- _RECORDED DATA_

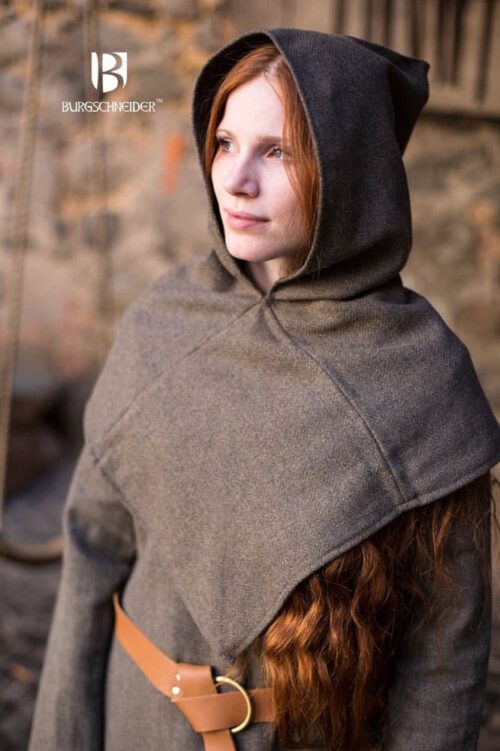 Knud - Viking Herringbone Woven Cloth Cowl - Olive and Gray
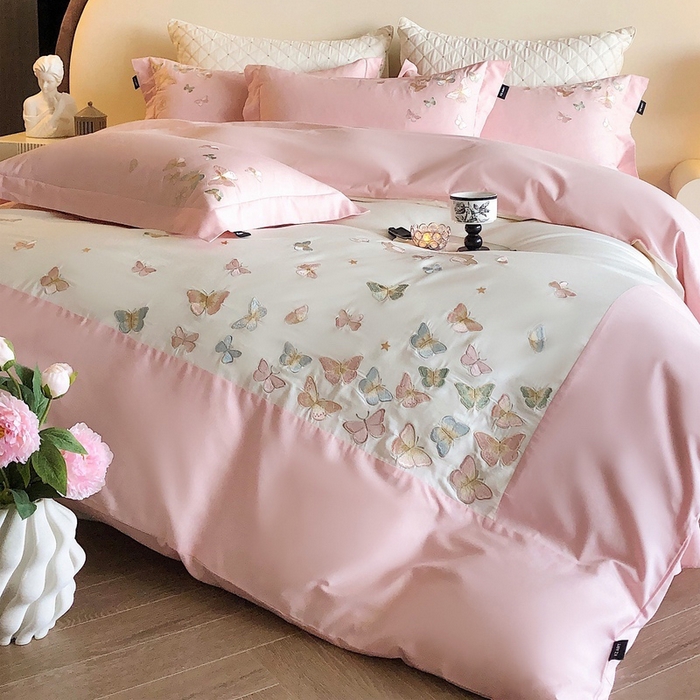 91家纺网 家纺一手货源 找家纺 （总）卡姿家纺 2025新款清新风格刺绣四件套-- 彩蝶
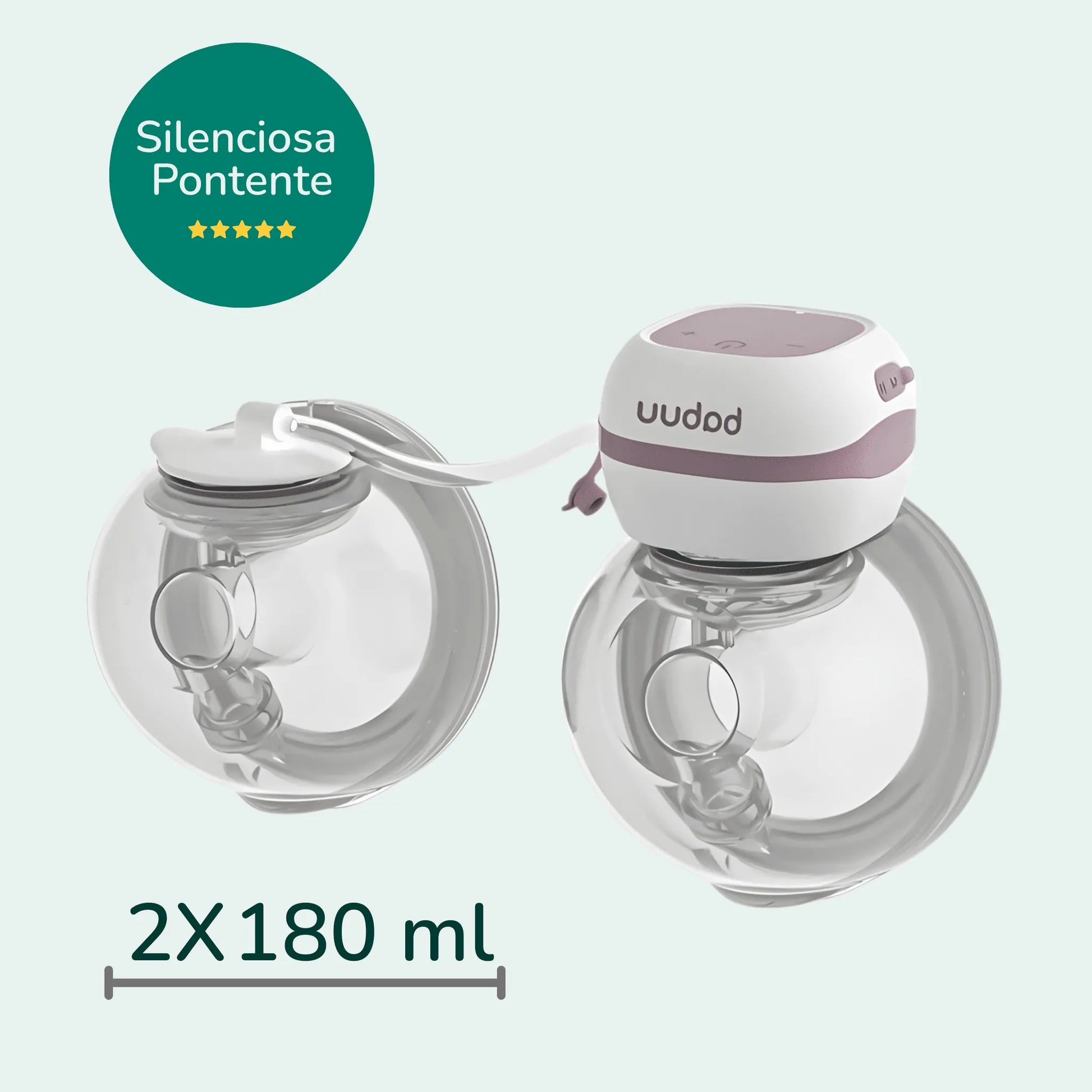 Bomba tira leite Babuu Confort dupla com capacidade de 2x180ml, silenciosa e potente – Mamatela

- _PROBLEM DETAILS_
What's needed is a word-for-word retyping of the listing, minus its pictures.

- _REPLY_
 Knud - Viking Herringbone Woven Cloth Cowl - Olive and Gray
 91家纺网 家纺一手货源 找家纺 （总）卡姿家纺 2025新款清新风格刺绣四件套-- 彩蝶
 Bomba tira leite Babuu Confort dupla com capacidade de 2x180ml, silenciosa e potente – Mamatela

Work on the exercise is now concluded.